I have no idea how this even showed up. I wouldn't call it mainstreamed in our party, but I can tell you that this so-called America First Caucus is one of the nuttiest things I've ever seen. Listen, America is a land of immigration. We've been the world's giant melting pot for 250 years. And we ought to celebrate the fact that we are this giant melting pot. And to see some members of Congress go off and start this America First Caucus is -- it's the silliest thing I've ever seen. And Republicans need to denounce it.

Boehner has said he voted for Trump's re-election; Chuck wondered how he feels about that post-January 6th.

I was disappointed in what happened after the election, the president continuing to make claims about the election being stolen. And I kept looking for evidence, like most Americans did. Where's the evidence? How can you keep saying something that -- without providing any proof? And there wasn't any. And clearly on January 6th, it was one of the saddest days in my life, watching the place I have worked -- watching a place where I and my team did everything we could for that institution -- being trashed by a mob.

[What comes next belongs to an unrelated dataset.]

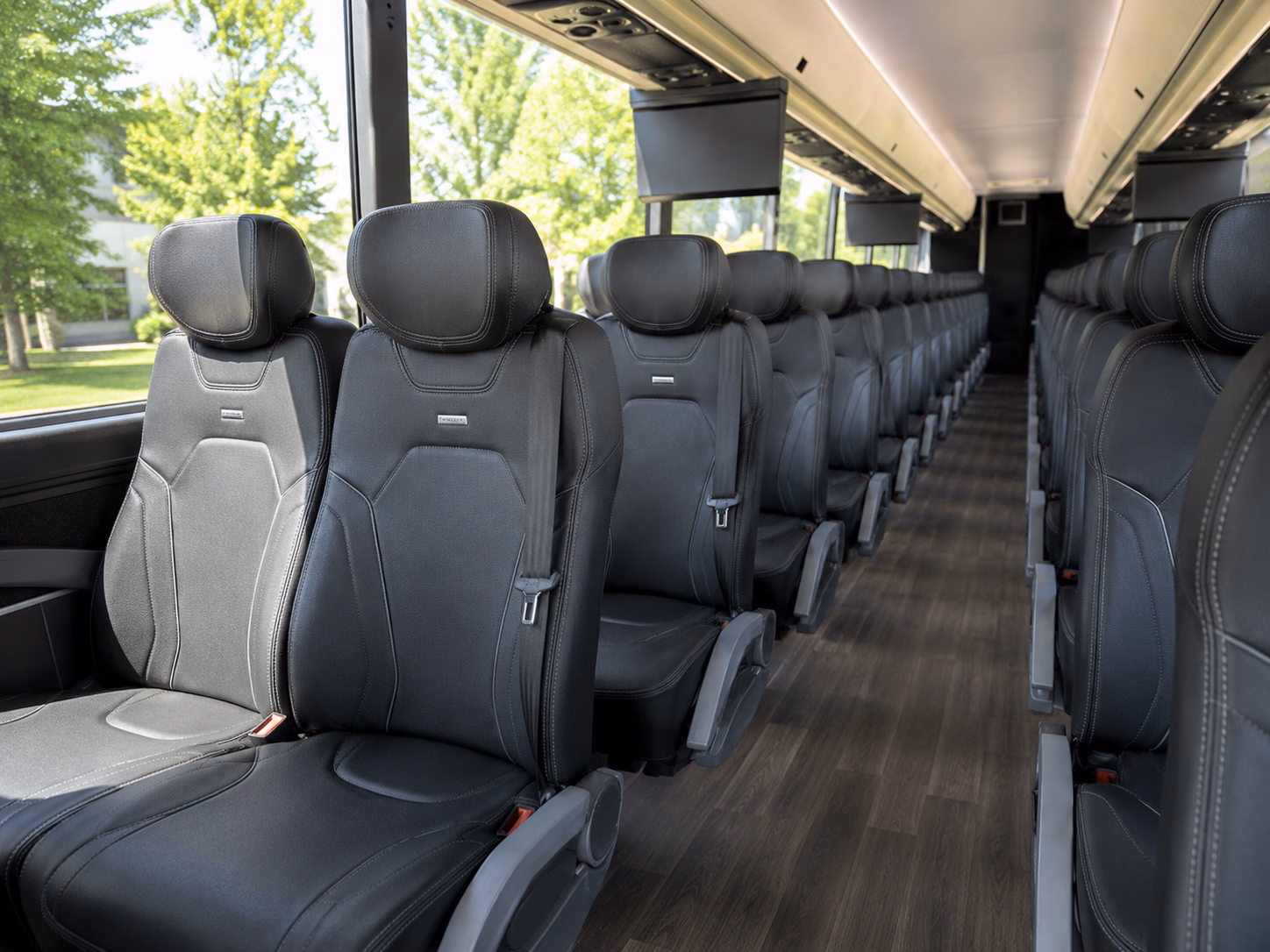 shuttle guests between andover hotels and your lawrence area venue with ease
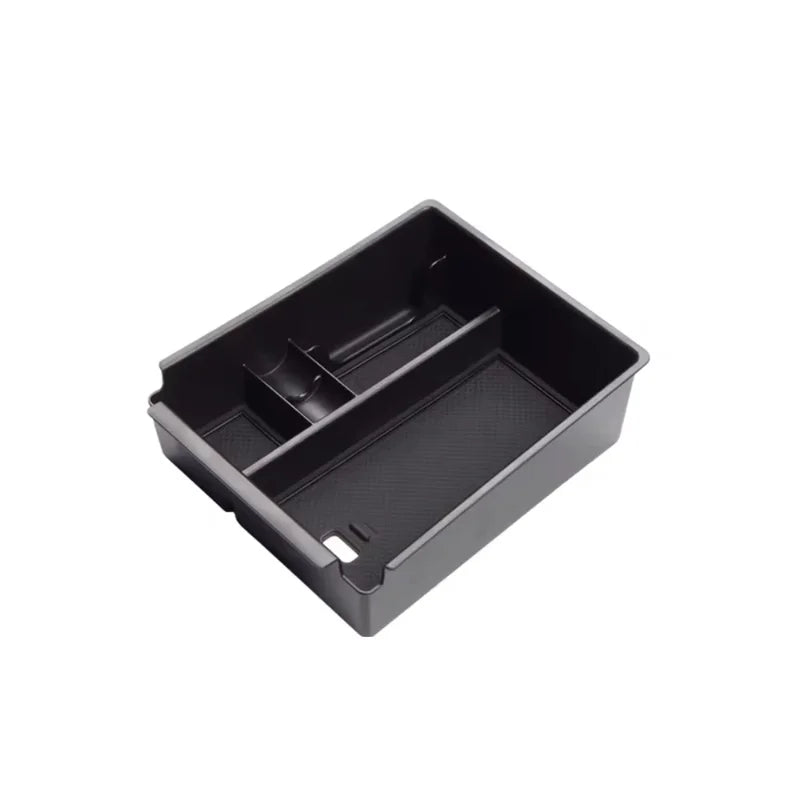 Organizer Container Accessories Car Center Console Armrest Storage Box Tray for Hyundai Tucson NX4 2021 2022 2023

That said, Boehner refused to say if the actions of the former president were disqualifying from leading the country again. 

Listen, Chuck, I'm not in office any more. What he does or doesn't do really is of no interest to me. I'm trying to make sure that Republicans understand, as a Republican Party, we need to go back to the principles of what it means to be a Republican...things that hold Republicans and the Republican Party together and has for the last 150 years. Let's go back to being Republicans.

And, in case you're wondering, here's Boehner's answer on any potential future political campaign.

I'd rather set myself on fire than to run for office again.

No comment on that last part. See you around campus.